During a discussion today about the bizarre "can't get crap done" phenomenon that afflicts large fractions of our community, the suggestion came up that most people can't do anything where there is a perceived choice that includes the null option / "do nothing" as an option. Of which Michael Vassar made the following observation:
In a monkey tribe, there's no verbal communication - they can't discuss where to go using language. So if you get up and start going anywhere, you must be the leader.
And if you're not the leader, it is not good for your reproductive fitness to act like one. In modern times the penalties for standing up are much lower, but our instincts haven't updated.
Interesting to reconsider the events of "To lead, you must stand up" in this light. It makes more sense if you read it as "None of those people had instincts saying it was a good idea to declare themselves the leader of the monkey tribe, in order to solve this particular coordination problem where 'do nothing' felt like a viable option" instead of "nobody had the initiative".
I voted this up because I found it thought-provoking, but it does set off some of the alarm bells in my head that I associate with evolutionary psychology. Specifically, I'm concerned that it might rely on an overly stereotyped view of primate behavior.

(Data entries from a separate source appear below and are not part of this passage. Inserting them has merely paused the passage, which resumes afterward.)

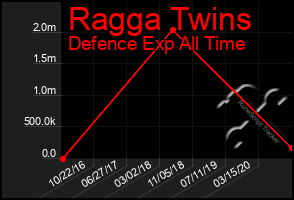 Total Graph of Ragga Twins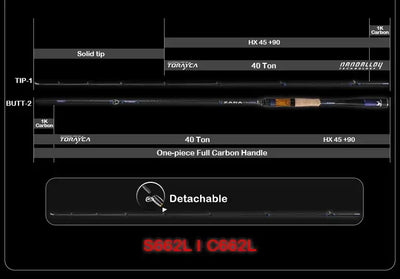 Purelure Zana Premium Lure Rod – Fuji Alconite & SiC | Spinning & Casting | L to H | 6'5" to 7'0"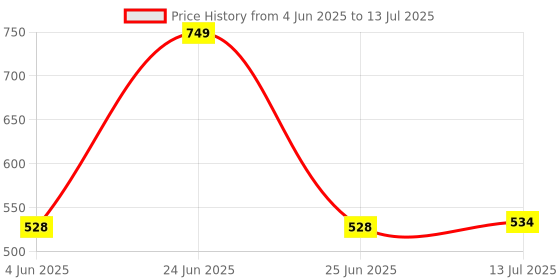 flipkart.com zhirk Multi Purpose Laser Light Powerful 1000MW Rechargeable Green Laser Pointer Pen Price History Graph from 4 Jun 2025 to 13 Jul 2025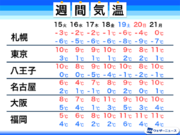 寒気が居座り全国的に厳しい寒さ続く　東京・八王子は−5℃予想
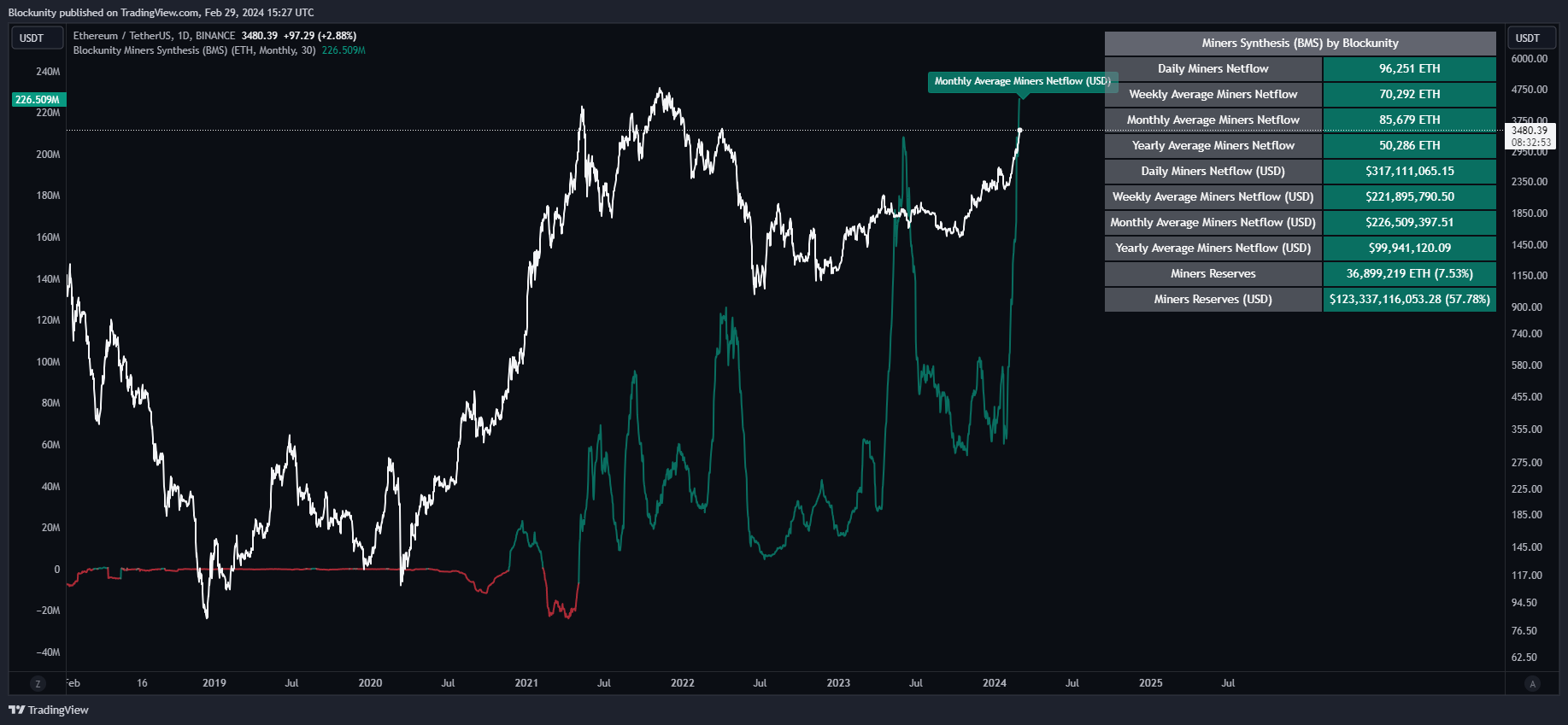 BINANCE:ETHUSDT Chart Image by Blockunity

A lot of primates, including close human relatives such as bonobos, live in fission-fusion societies: their main social groups (the "parent groups") are fairly large and stable in the long term, but individuals and small subgroups readily break off to forage or accomplish other short-term goals. The same idea has been applied to humans, and predicts our behavior well in many contexts (think of how study groups in school behave) -- but it doesn't seem to play very nicely with the "can't get crap done" phenomenon, particularly when described in terms of status. You don't need to be a leader in a fission-fusion society to wander off and dig up some roots, as long as you return to the band at the end of the day.
On the other hand, we could reconcile these concepts with each other if we take their different planning horizons into account: we might expect low- and mid-status animals in a fission-fusion society to be comfortable with short-term planning but defer to high-status animals over longer timeframes. This meshes well with the observation that time-limited and immediately rewarding projects are considerably less prone to procrastination than the alternative, although that's only weak evidence in favor of the hypothesis.
But you do need to be a leader to wander off if you're a soldier in an army. And military settings have much stronger selection pressures than any of the other settings humans evolved in. I think this is something that most talk of human evolutionary psychology misses; there are lots of selection effects, but some are much stronger than others, and the strong selection effects are found in extreme circumstances, not in daily life.